Tuntutan itu berdasarkan dakwaan pertama dari pasal 5 ayat (1) huruf b atau pasal 13 UU Pemberantasan Tindak Pidana Korupsi juncto pasal 64 ayat (1) KUHP.
"Hal yang memberatkan, modus operandi pemberian suap yang dilakukan terdakwa tergolong relatif baru dan jarang terjadi dengan cara menggunakan sarana perbankan (ATM) yang dapat mempersulit proses pengungkapan tindak pidana oleh aparat penegak hukum serta dikhawatirkan dapat diikuti oleh pelaku lainnya sehingga dapat mengurangi kepercayaan masyarakat terhadap pemerintah dan perbankan nasional," tambah jaksa Dian.
Hal lain yang memberatkan adalah Adi dinilai melakukan beberapa kali pemberian berupa uang kepada beberapa orang yang berbeda untuk kepentingan usahanya. Jaksa juga menolak permohonan Adi untuk menjadi saksi pelaku yang bekerja sama dengan penegak hukum alias justice collaborator atau JC.
Dalam perkara ini, Adi Putra memberikan suap Rp 2,3 miliar itu diberikan berhubungan dengan proyek pekerjaan pengerukan alur pelayaran pelabuhan Pulang Pisau, Kalimantan Tengah 2016, pelabuhan Samarindan Kalimantan Timur 2016. Suap itu diberikan karena Antonius telah menyetujui penerbitan SIKK untuk PT Indominco Mandiri, PT Indonesia Power Unit Jasa Pembangkitan (UJP) PLTU Banten dan Kantor Kesyahbandaran dan Otoritas Pelabuhan (KSOP) kelas I Tanjung Emas Semarang yang dilaksanakan PT Adiguna Keruktama.

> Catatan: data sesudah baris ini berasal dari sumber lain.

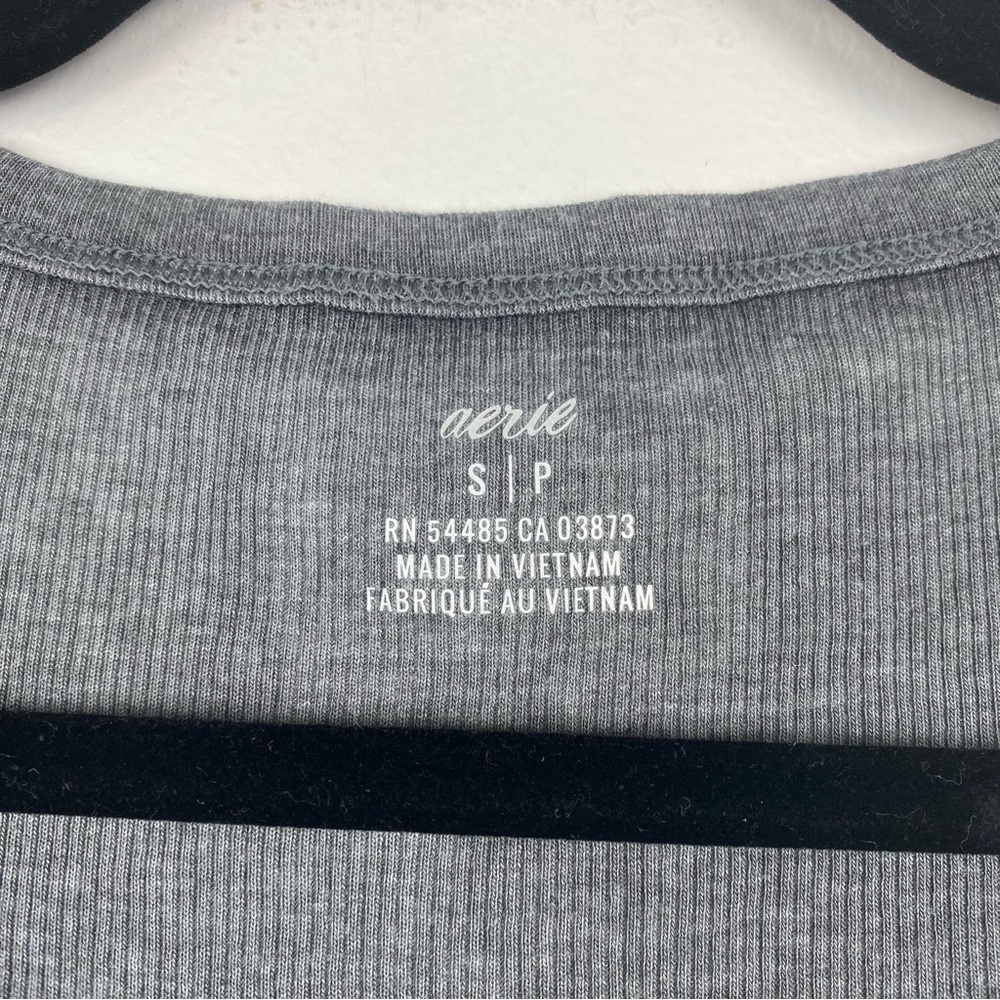 Aerie Offline Ribbed Henley Racerback Buttons Tank Top Gray Size S NWT - Picture 5 of 6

Setelah menjadi komisaris, Adi Putra Kurniawan membuka beberapa rekening di Bank Mandiri menggunakan KTP palsu dengan nama Yongkie Goldwing dan Joko Prabowo pada 2015-2016. Adi Putra membuat 21 rekening di bank Mandiri cabang Pekalongan dengan nama Joko Prabowo dengan tujuan agar kartu ATM-nya dapat diberikan kepada orang lain, yaitu anggota LSM, wartawan, preman di proyek lapangan, rekan wanita dan beberapa pejabat di kementerian Perhubungan.